Scientists have used a powerful combination of astronomical data to create a “cosmic CT scan” of the universe. This scan has allowed researchers to track how matter has evolved over billions of years. Surprisingly, their findings show that the universe is less clumpy than expected, challenging current models.

The study combined data from two major sources:

1. The Atacama Cosmology Telescope (ACT), which captures ancient cosmic light.
2. The Dark Energy Spectroscopic Instrument (DESI), which maps the structure of modern galaxies.

By layering these data sets, researchers created a detailed timeline of the universe’s evolution.

Mapping the Universe’s Evolution

Instagram | astronomy_eye | Scientists study how gravity shapes the universe over time and uncover new insights.

Scientists have long studied how gravity shapes cosmic structures. This new research provides a clearer picture of how matter has shifted over time.
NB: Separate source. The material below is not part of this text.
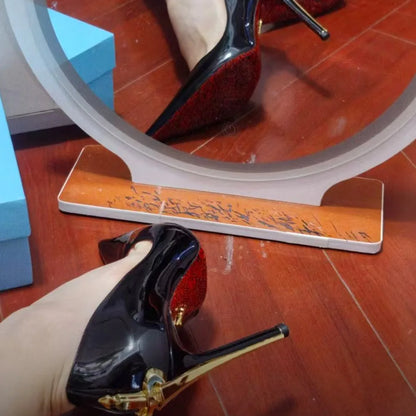 Early Spring New Women's High Heels, Slim Heels, Pointed Metal Sword, sexy Ladies, Black Patent Leather Single Shoes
Mathew Madhavacheril from the University of Pennsylvania compared the process to a “cosmic CT scan.” He explained, “We can now track how matter clumped together over billions of years and see how gravity influenced the universe’s development.”

The Role of Ancient Light in This Study

To understand the universe’s past, researchers focused on the Cosmic Microwave Background (CMB)—a type of radiation that has existed since the Big Bang.  Notably, Joshua Kim, a graduate researcher in the study, described the CMB as “the universe’s baby picture.” The Atacama Cosmology Telescope captured this radiation, revealing how gravity shaped the cosmos over 13.8 billion years.
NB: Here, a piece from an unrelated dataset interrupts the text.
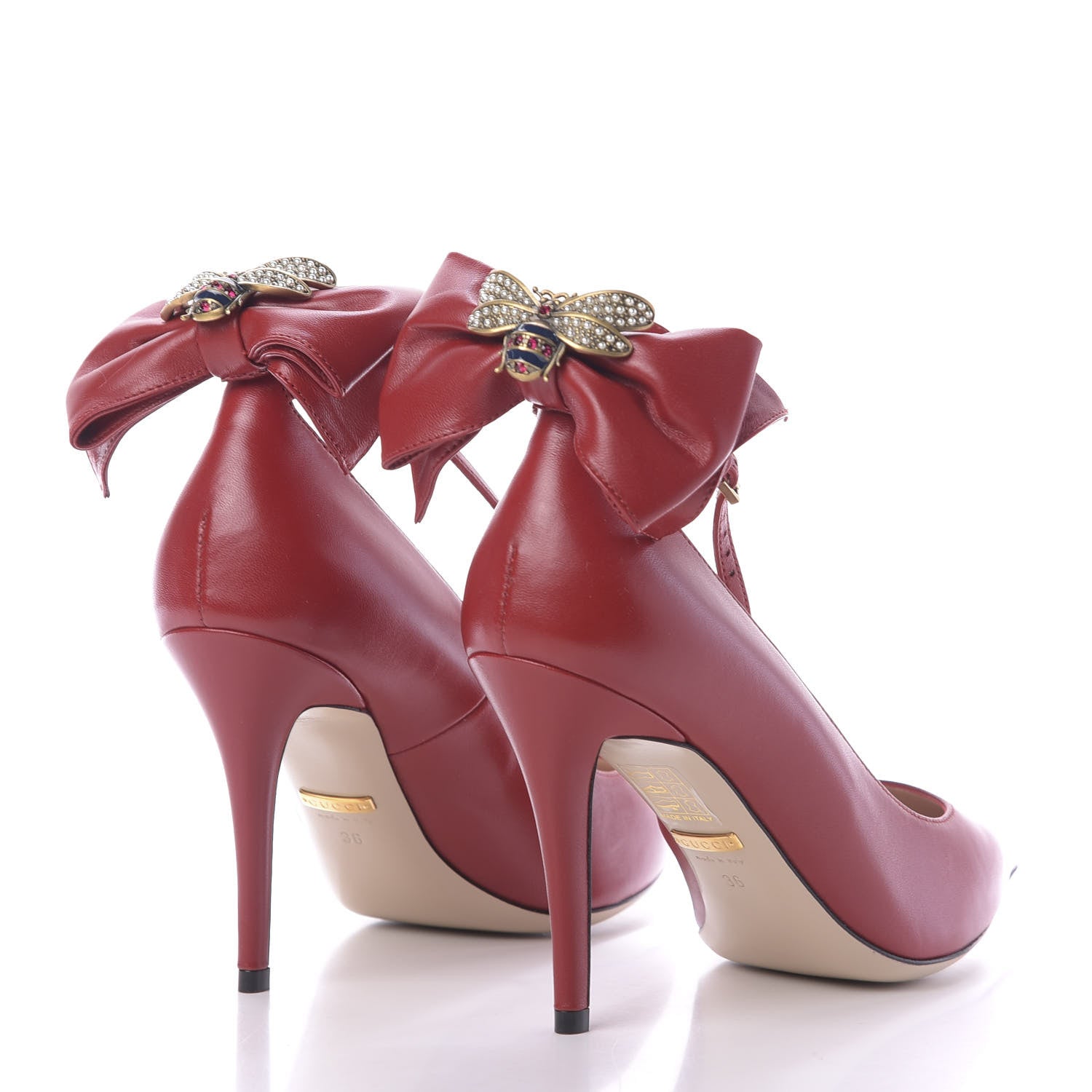 Gucci Nappa Queen Margaret Pumps 36 Hibiscus Red 4 of 10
Interestingly, this ancient light formed when the universe cooled enough for electrons and protons to combine into hydrogen atoms. Before this, free electrons scattered photons, making the universe opaque. Once neutral atoms formed, light could finally travel freely, creating the CMB we see today.

How Gravity Warps Light Over Time

As light from the CMB moves through space, it encounters massive structures like galaxies and galaxy clusters. These objects warp the light’s path, a phenomenon known as gravitational lensing.
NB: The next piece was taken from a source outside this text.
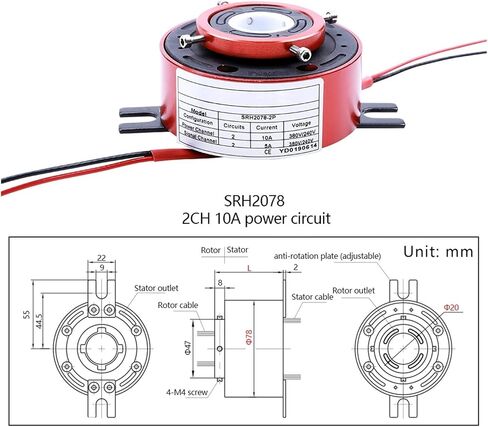 20mm Through Hole Conductive Rotary Connector Slip Ring 10A 2ch 5A Metal Slip Ring for Packaging Machine 2078(Power 10A 2CH) in Saudi Arabia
Albert Einstein predicted this effect in his theory of general relativity. By analyzing how the CMB’s light bends and stretches, scientists can reconstruct the universe’s matter distribution over billions of years.

A Surprising Discovery – A Smoother Universe

Instagram | desisurvey | DESI and the Atacama Cosmology Telescope collaboration reveal a smoother universe than scientists expected.

The Atacama Cosmology Telescope provided a snapshot of the early universe, while DESI offered a more recent look by mapping millions of galaxies. Kim explained, “DESI’s data shows how galaxies are distributed at various distances, giving us a more recent picture of the universe.”

However, when researchers combined the datasets, they found something unexpected – the universe appeared smoother than predicted. This result suggests that the growth of cosmic structures may have slowed in ways current models don’t fully explain. While the discrepancy is small, it raises questions about whether new physics could be at play.

What This Means for Cosmology

The findings mostly align with Einstein’s theory of general relativity. However, Madhavacheril noted a small deviation in expected clumpiness around four billion years ago. He stated, “This could be an important clue, and further research is needed to explore it.”

Scientists plan to investigate this anomaly with upcoming telescopes, which will offer even more precise measurements.

Future Exploration of the Universe

This study marks a significant step forward in understanding how the universe has evolved. As researchers refine their methods, they may uncover even deeper cosmic mysteries.  Meanwhile, with new telescopes on the horizon, astronomers hope to confirm whether this unexpected discovery signals new physics or simply a gap in our current understanding.

Every new observation brings us closer to answering some of the biggest questions about space and time. Ultimately, the next discoveries could completely reshape our view of the cosmos.